What this book covers
Chapter 1, Getting Started with Data Wrangling: In the opening chapter, you will embark on a journey into the world of data wrangling and discover the power of leveraging AWS for efficient and effective data manipulation and preparation. This chapter serves as a solid foundation, providing you with an overview of the key concepts and tools you’ll encounter throughout the book.
Chapter 2, Introduction to AWS Glue DataBrew: In this chapter, you will discover the powerful capabilities of AWS Glue DataBrew for data wrangling and data preparation tasks. This chapter will guide you through the process of leveraging AWS Glue DataBrew to cleanse, transform, and enrich your data, ensuring its quality and usability for further analysis.
Chapter 3, Introducing AWS SDK for pandas: In this chapter, you will be introduced to the versatile capabilities of AWS Data Wrangler for data wrangling tasks on the AWS platform. This chapter will provide you with a comprehensive understanding of AWS Data Wrangler and how it can empower you to efficiently manipulate and prepare your data for analysis.
Chapter 4, Introduction to SageMaker Data Wrangler: In this chapter, you will discover the capabilities of Amazon SageMaker Data Wrangler for data wrangling tasks within the Amazon SageMaker ecosystem. This chapter will equip you with the knowledge and skills to leverage Amazon SageMaker Data Wrangler’s powerful features to efficiently preprocess and prepare your data for machine learning projects.
Chapter 5, Working with Amazon S3: In this chapter, you will delve into the world of Amazon Simple Storage Service (S3) and explore its vast potential for storing, organizing, and accessing your data. This chapter will provide you with a comprehensive understanding of Amazon S3 and how it can be leveraged for effective data management and manipulation.
Chapter 6, Working with AWS Glue: In this chapter, you will dive into the powerful capabilities of AWS Glue, a fully managed extract, transform, and load (ETL) service provided by AWS. This chapter will guide you through the process of leveraging AWS Glue to automate and streamline your data preparation and transformation workflows.

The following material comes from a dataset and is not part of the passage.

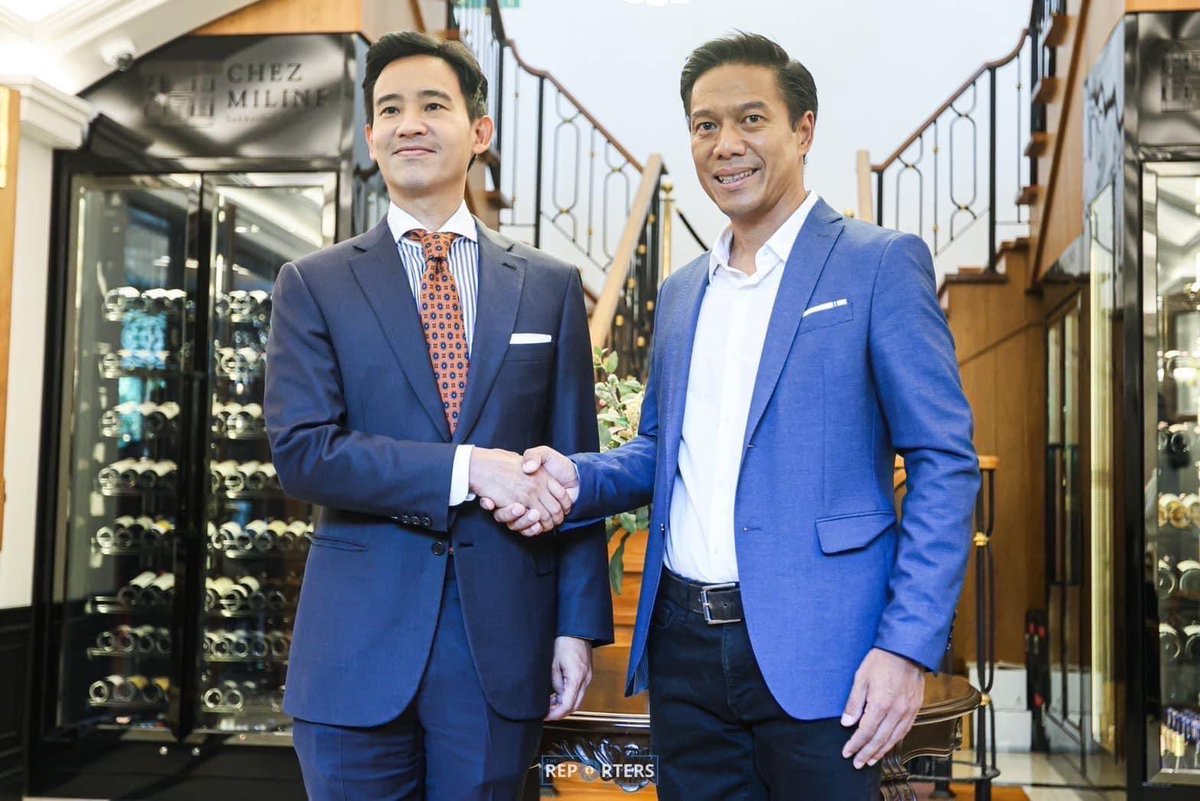 พรรคเป็นธรรม กล่าวว่า เขามีจุดยืนเดียวกับก้าวไกล ถ้าก้าวไกลเป็นฝ่ายค้าน เขาก็จะเป็นฝ่ายค้านด้วย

Chapter 7, Working with Athena: In this chapter, you will explore the powerful capabilities of Amazon Athena, a serverless query service that enables you to analyze data directly in Amazon S3 using standard SQL queries. This chapter will guide you through the process of leveraging Amazon Athena to unlock valuable insights from your data, without the need for complex data processing infrastructure.
Chapter 8, Working with QuickSight: In this chapter, you will discover the power of Amazon QuickSight, a fast, cloud-powered business intelligence (BI) service provided by AWS. This chapter will guide you through the process of leveraging QuickSight to create interactive dashboards and visualizations, enabling you to gain valuable insights from your data.
Chapter 9, Building an End-to-End Data-Wrangling Pipeline with AWS SDK for Pandas: In this chapter, you will explore the powerful combination of AWS Data Wrangler and pandas, a popular Python library for data manipulation and analysis. This chapter will guide you through the process of leveraging pandas operations within AWS Data Wrangler to perform advanced data transformations and analysis on your datasets.
Chapter 10, Data Processing for Machine Learning with SageMaker Data Wrangler: In this chapter, you will delve into the world of machine learning (ML) data optimization using the powerful capabilities of AWS SageMaker Data Wrangler. This chapter will guide you through the process of leveraging SageMaker Data Wrangler to preprocess and prepare your data for ML projects, maximizing the performance and accuracy of your ML models.
Chapter 11, Data Lake Security and Monitoring: In this chapter, you will be introduced to Identity and Access Management (IAM) on AWS and how closely Data Wrangler integrates with AWS’ security features. We will show how you can interact directly with Amazon Cloudwatch logs, query against logs, and return the logs as a data frame.